[ABOUT THIS EXERCISE] What's wanted is a faithful retyping of every entry, pictures excluded.

(Web page caption snippets)
- Opening Delimiter -

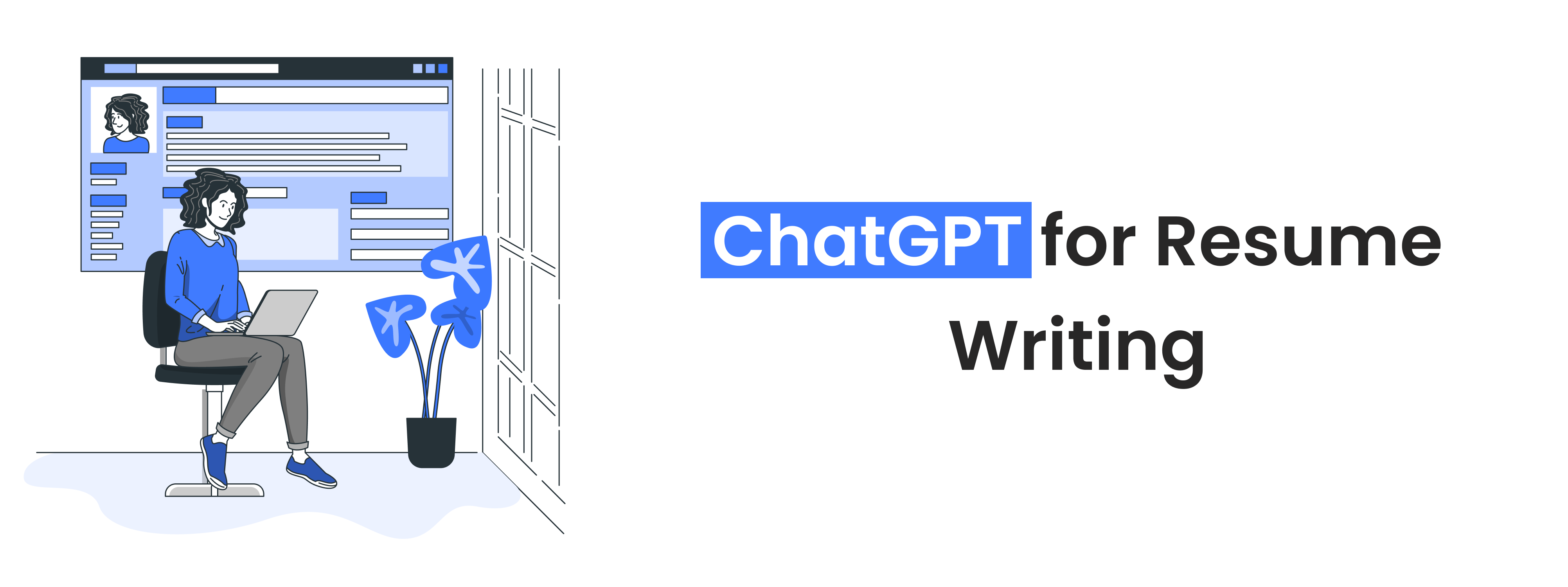 Illustration of a woman using ChatGPT to write her resume, representing the growing trend of AI-assisted resume writing for job seekers.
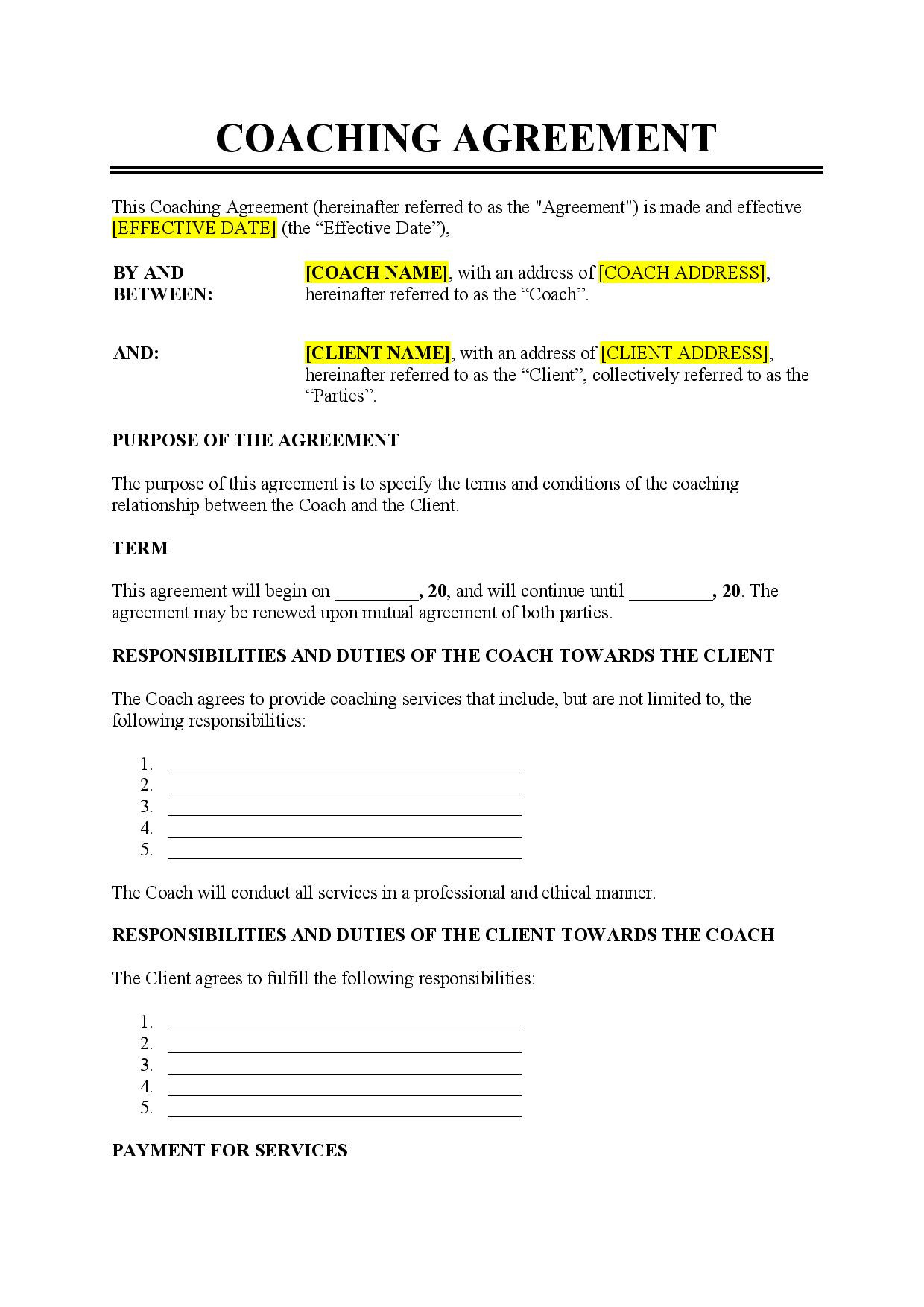 sample coaching agreement template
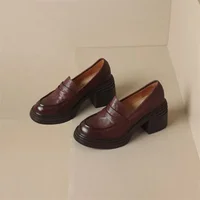 Women Leather Platform Loafers Fashion Slip on Chunky Shoes Retro Style Female Officel Pumps Moccasins Women's Mary Jane Shoes 2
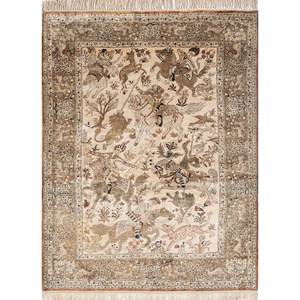 Tapis en soie noués à la main Gulmarg, grand tapis rectangulaire bohème vert avec imprimé abstrait animalier pour l'entrée de la maison, le couloir - Pae-5771 - Product Image 1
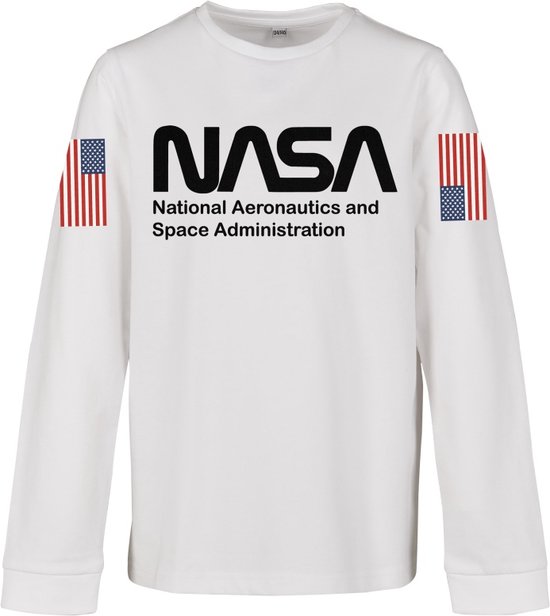 Mister Tee NASA - NASA Worm Kinder Longsleeve shirt - NASA - Kids 158/164 - Wit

- Closing Delimiter -

[RESULT FOR THIS TASK]
 Illustration of a woman using ChatGPT to write her resume, representing the growing trend of AI-assisted resume writing for job seekers.
 sample coaching agreement template
 Women Leather Platform Loafers Fashion Slip on Chunky Shoes Retro Style Female Officel Pumps Moccasins Women's Mary Jane Shoes 2
 Tapis en soie noués à la main Gulmarg, grand tapis rectangulaire bohème vert avec imprimé abstrait animalier pour l'entrée de la maison, le couloir - Pae-5771 - Product Image 1
 Mister Tee NASA - NASA Worm Kinder Longsleeve shirt - NASA - Kids 158/164 - Wit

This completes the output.